(Data):

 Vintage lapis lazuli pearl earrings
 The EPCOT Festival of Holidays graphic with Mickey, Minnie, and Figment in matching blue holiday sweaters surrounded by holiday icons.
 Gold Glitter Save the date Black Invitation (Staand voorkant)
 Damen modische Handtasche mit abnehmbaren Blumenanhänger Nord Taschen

(Action item):
Transcribe all of the data above, character for character.

(Expected answer):
 Vintage lapis lazuli pearl earrings
 The EPCOT Festival of Holidays graphic with Mickey, Minnie, and Figment in matching blue holiday sweaters surrounded by holiday icons.
 Gold Glitter Save the date Black Invitation (Staand voorkant)
 Damen modische Handtasche mit abnehmbaren Blumenanhänger Nord Taschen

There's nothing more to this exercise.